#PARCC: The Good, The Bad and The Ugly

For the past several days my students have endured the new Common Core State Standards aligned PARCC assessments. After administering and proctoring for over 8 hours in three days, I have a few takeaways from this high stakes test which we will do all over again in May. It would be very easy to dissect all of the nuanced problems within the test but I thought I would start with a generic overview of the good, the bad and the ugly. This is in large part due to the fact I am not sure what I can or cannot say about the test for fear of violating the consent form all staff had to sign. :)

The Good

I feel it fair to say the test itself presented little overall difficulty for my students. They seemed to navigate the controls with relative ease and many of them finished with ample time to spare in what I would consider generous testing time frames. Many of the students reported they enjoyed it better than the old “fill in the bubble with a number 2 pencil” tests which were the predecessor. If I had to estimate the average student was able to finish most of the tests in around 20 minutes despite being given anywhere from 60-90 minutes for each test.

The Bad

The bad of the PARCC test is that we are using it all together. Over the course of two tests (Performance Based and End of Year) there is massive loss of instructional time. Depending on your level of technology, the tests are taking schools weeks to administer. For schools testing on devices, students and teachers are unable to use any technology during these time frames due to the test monopolizing their use. What is surprising is we are not using other nationally normed tests which take a fraction of class time to administer and get feedback.

The Ugly

Another ugly of PARCC testing is really not specific to PARCC at all but high stakes testing in general.

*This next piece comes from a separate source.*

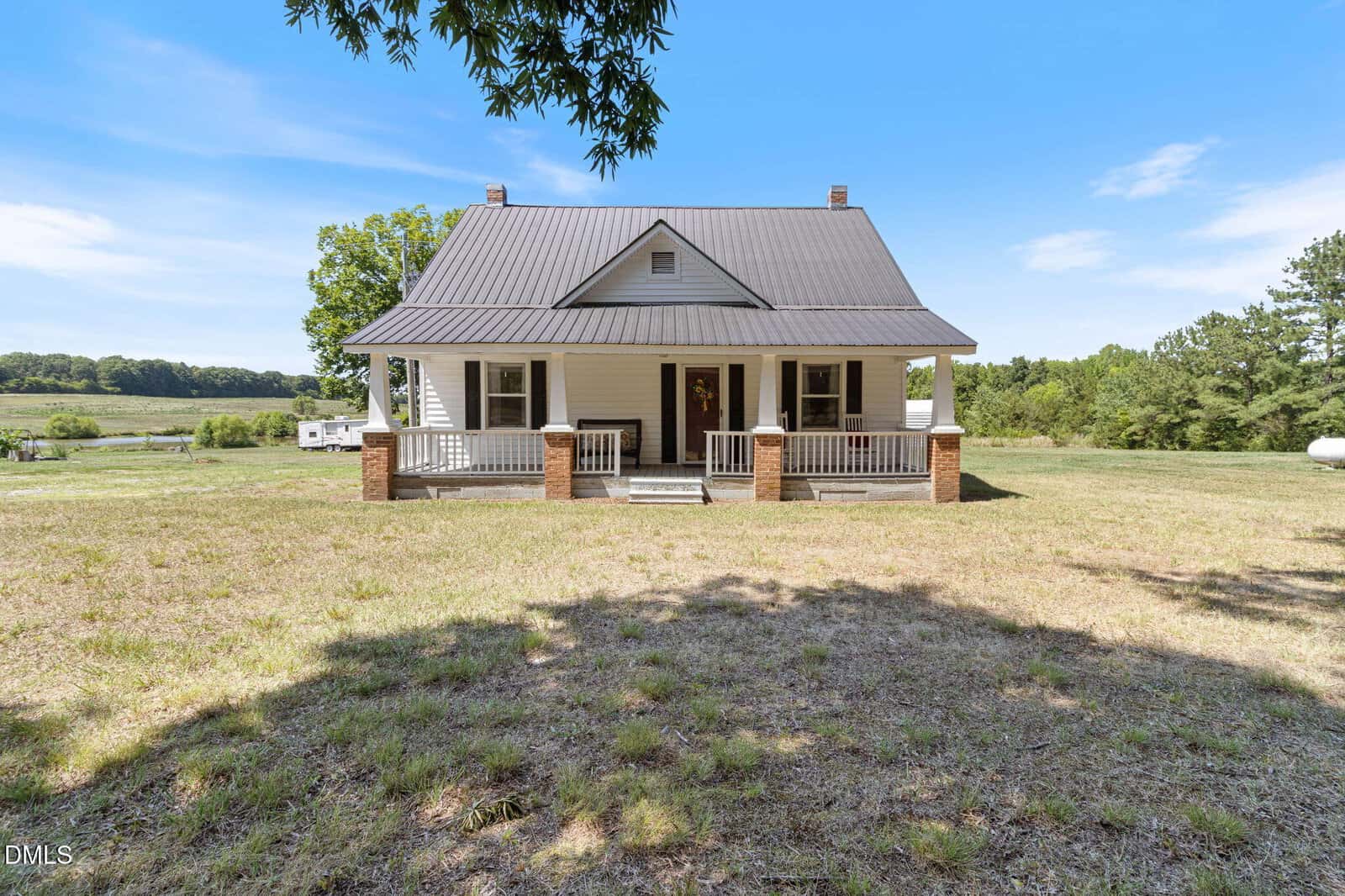 A white farmhouse at 1509 Oak Hill Road, Oxford, with a metal roof and brick porch columns sits in an open grassy yard, surrounded by trees and fields under a blue sky.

Schools have pep rallies and send home special instructions for the week of testing. Teachers and administrators reach out to the community and ask for children to be well fed and rested. They even go so far as to outlaw homework to keep the children’s stress or anxiety levels low and therefore prepped for testing. Some will have special parties and treats geared towards keeping kids positive and happy for testing week. What is ugly about this to me, is why are we not doing these things every day? Why do we put extra emphasis on the stress levels and health of a child during testing week? What are we doing to engage with parents and kids to promote positive health for kids regularly? Also, why do we have pep rallies and other gimmicks to attempt to convince kids the tests actually matter?

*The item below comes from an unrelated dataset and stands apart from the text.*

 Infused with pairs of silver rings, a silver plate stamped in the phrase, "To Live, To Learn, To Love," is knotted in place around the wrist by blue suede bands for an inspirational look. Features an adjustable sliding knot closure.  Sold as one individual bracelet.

I realize a world without standardized testing may be as possible as a world of hover boards and flux capacitors. However, what about engaging in conversations about the health of kids more than during testing week? Why not limit the testing time period to the absolute minimum? Let’s be mindful of the amount of instructional timing lost and resources spent due to testing. Is testing the worst thing we have in schools? Not by a long shot. However, we can certainly look at the way in which it is used and make it useful to students and learning rather than companies and politicians.